The Invigilators

Joe Mc Kay’s “Crazy About Words”
…toasting our language since 2003!

Most of us can remember them, though we may not have known they were called anything but “exam monitors.” Invigilators had the tough job of appearing watchful every time you looked up from your paper, wondering, with eyes rolling, what the heck a particular test question meant. The word dates to the 16th century in English, from the Latin, “watched over,” and is defined as “one who supervises candidates during an examination.” Although “Premium Rush,” a new action-thriller about bicycle messengers, has been well reviewed, I think we can safely bet against anyone producing a movie with the same title as this month’s column anytime soon!

“Learning Words” is our subject, in celebration of Back-to-School time and of the 10th anniversary of the Lifetime Learning Program at Peconic Landing where I live and teach. Our learning activities, as we puzzle our way through life, have generated a vocabulary owing much to Greek roots.

Words like pedagogue (child-leading) and its lesser known companion, andragogue (adult-leading) are classic, and contrast different styles of teaching. Once they’ve done their kid-drills with a pedagogue in an abecedarian environment, children, like adults, learn best with an andragogue in a progressive learning environment. Thus, the word andragogy came to apply to the theory of “adult education” in which learners drive the process with their questions/desire to learn, while teachers facilitate. John Dewey developed his theories of progressive learning in the first half of the 20th century, and Malcolm Knowles championed adult education and the idea of lifelong learning in the latter half.

Autodidacts, self-taught persons who learn outside of an educational institution, are fascinating creatures who have the self-discipline to study and/or practice on their own to master a skill or increase their understanding of a particular subject. Whether achieved with or without a teacher, a polymath is learned in many diverse subjects, and is most often referred to as a renaissance (wo)man.

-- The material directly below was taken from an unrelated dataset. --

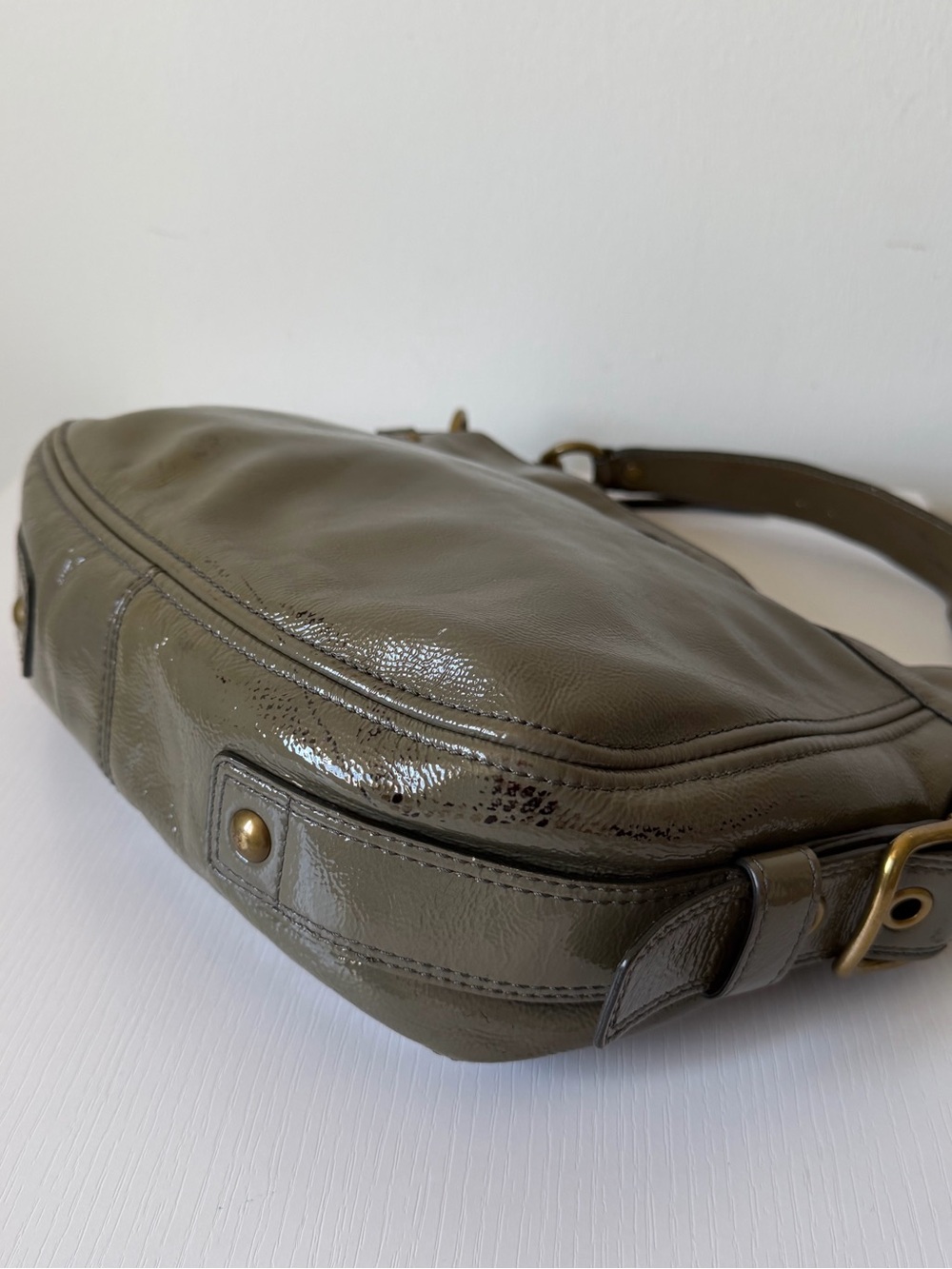 Coach Zoe Patent Leather Hobo Shoulder Bag Olive- Grey 12735 - Picture 8 of 12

Brainstorming” produces ideas in a collaborative, non-judgmental environment, “putting our heads together,” we might say. The term was coined by Alex Osborn, the “O” of BBD&O advertising agency, in the 1940s, to describe a process in which minds feed off one another for their mutual learning benefit. The term is now also applied to a singular effort to bring all of one’s wits to bear on a problem…so it is no longer oxymoronic to brainstorm on your own. And, “crowdsourcing” is a hot new word meaning to solicit ideas from a large group with something in common, kind of like the old-fashioned survey.

In education, the “pygmalion effect” describes a phenomenon in which a student does well or poorly depending on the expectations of others, including teachers. “We expect big things of you,” communicated to a student in various ways, leads to positive performance, and vice versa. The term comes from George Bernard Shaw’s Pygmalion, later the musical, “My Fair Lady,” lampooning the British class system. Eliza Doolittle, a Cockney flower girl, was taught to speak “properly” by Professor Henry Higgins, and convinced herself that she was a lady.

The class dunce, by contrast, remains unable to learn anything as long as the teacher keeps giving him that awful eponymous label. Named after John Duns Scotus, a 17th century philosopher, whose followers were referred to derisively as “Dunsmen” by those who disagreed with his theories, the unenlightened term (and the pointed cap) found its way into the vocabulary of childhood education and has been used until fairly recently.

For all the academic and experiential ways children and adults learn, it’s only in the “aha! moments” when individuals realize something or embrace information that becomes part of who they are. I once heard a speaker say that this word should be spelled “real-eyes” to better express how distinct such learning is from all the stuff we learn simply to pass tests.

We are cradle-to-grave learners, all of us. When we real-eyes this, we may become more aware too of how open-minded we are to fresh ideas and new information. Happy learning!